Il y a six ans, le nombre de bars à cocktails explosait. Entretemps, mixologues et barmans libanais ont affiné leur savoir-faire et leur créativité.
Old fashioned ou fancy, court ou long, servi dans de longues coupes ou dans un tumbler, le cocktail est une source de création incessante. Répandu à la fin du 18e siècle en Angleterre et aux Etats-Unis, il était, jusqu’aux années 70, surtout élaboré à base de gin, de whisky et de rhum. A partir des années 90, la vodka devient omniprésente. Au Liban, c’est le restaurant latino-américain Pacifico, ouvert en 1997 rue Monot par les entrepreneurs Camille Chawan et Michel Saidah, qui importe le premier la tendance. «A l’époque, c’était composé de tequila et de cachaça, puis ce fut le rhum et la vodka, maintenant c’est le gin tonic», se souvient Michel Saidah. Mais c’est surtout ces six dernières années que les barmans de la capitale se sont laissés séduire par la mixologie. Parmi la foule de bars à cocktails ouverts, des enseignes se démarquent, à l’instar de Centrale Station et Trainstation. Le bar à cocktails est même devenu un concept mobile. La compagnie Cïn cïn est la première à s’être lancée dans ce business largement tourné vers l’événementiel. La formule a fait boule de neige et d’autres s’y sont mis. Aujourd’hui, il est rare de trouver une soirée de mariage sans bar à cocktails sur la piste de danse. Le nombre de restaurants et de bars ayant investi dans un mixologue en dit long sur l’ampleur de cet engouement.
Spécificités
Chaque enseigne affiche sa spécificité. A Hamra, Salon Beyrouth se spécialise ainsi dans les cocktails un peu «oubliés», à base de whisky comme le Sazerac – comprenant du whisky, du cognac, du sucre et des aromatiques Peychaud –, le Old Fashioned ou encore le Vieux carré – fin alliage de bourbon, brandy et vermouth rouge relevé d’un trait de bénédictine. «Nous proposons des cocktails classiques qui ont parfois plus de 100 ans d’âge», explique la propriétaire, Raya Kazoun. La clé d’un mélange réussi? «Principalement le barman», assure-t-elle. «Bien sûr, les ingrédients doivent être de très bonne qualité et le cocktail doit être préparé de façon à ce que le mélange de liqueur et de bitters soient en harmonie». A Salon Beyrouth, le prix des cocktails oscille entre 10 et 15 dollars. «Notre clientèle féminine préfère généralement les cocktails floraux et aromatiques, les plus jeunes vont vers les fruités à base d’alcool blanc et les bières. Notre clientèle plus âgée aime savourer les single malt ainsi que des cocktails à base de champagne et les martinis», poursuit Raya Kazoun. De l’autre côté de la ville, à Gemmayzé, le Dragonfly, ouvert en 2004, fut longtemps un repère pour les amateurs de cocktails. L’endroit a récemment fermé et cédé la place à de nouveaux locataires. Le propriétaire, Nino Aramouni, entend maintenir la recette qui a fait le succès de ce bar très prisé par les expatriés anglo-saxons.

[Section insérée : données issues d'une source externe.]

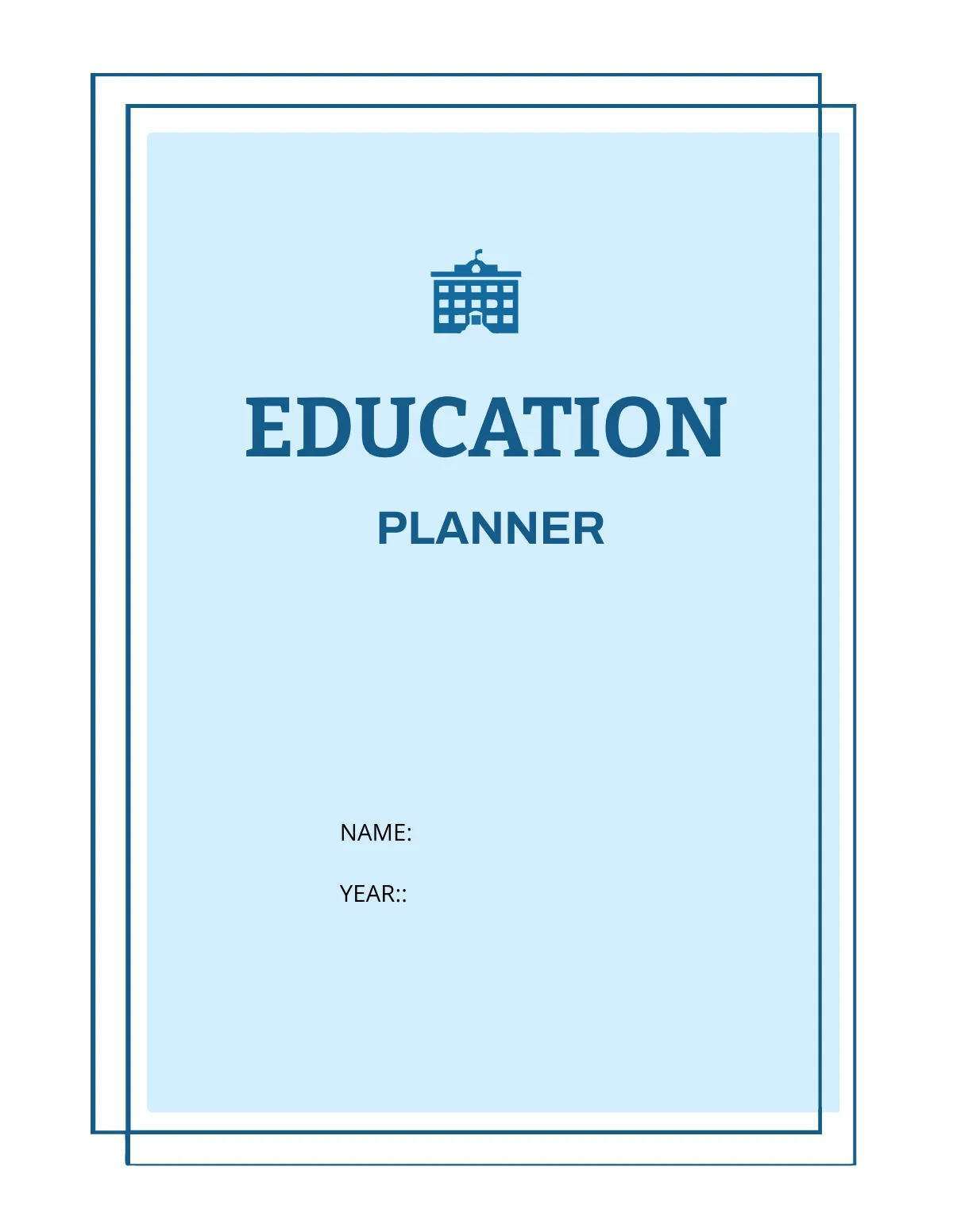 Free Editable Education Planner Template to Edit Online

Dans un autre registre, le Tex-Mex Joe Peña’s, ouvert en 2009 à Gemmayzé puis délocalisé à Mar Mikhael, est réputé pour sa Margarita et son Gin Basil smash. Là encore, la fraîcheur des aliments est de mise. «On presse les citrons tous les jours, sinon ils perdraient de leur saveur», affirme Rami Massar. Derrière le comptoir, le barman compose ses breuvages selon la technique Schuman, le fameux patron de bar berlinois. Les tarifs varient eux entre 11 et 16 dollars la boisson. Toujours à Mar Mikhael, The Bohemian est connu pour son Gin Basil et son Moscow mule – le célèbre cocktail de vodka à la bière de gingembre, servi avec une lamelle de citron dans un mug de cuivre. Ici, il faut compter entre 20 et 25 dollars le cocktail. Barmans et mixologues libanais s’inspirent aussi largement de la culture locale. Trainstation propose ainsi une déclinaison de cocktails à base d’arak. «Certains endroits se sont focalisés sur des cocktails qui attirent les Libanais en y injectant des ingrédients d’ici, comme l’arak où la tomate, un fruit particulièrement savoureux au Liban», explique Adham Beainy, du Syndicat des propriétaires de restaurants, cafés et nightclubs. «Et quand ils font des cocktails internationaux, il sont parmi les meilleurs». Et de conclure: « Ils sont extrêmement créatifs, il y a beaucoup de très bons mixologues et barmans dans le pays. Compte tenu du potentiel, c’est une tendance qui n’est pas près de s’arrêter».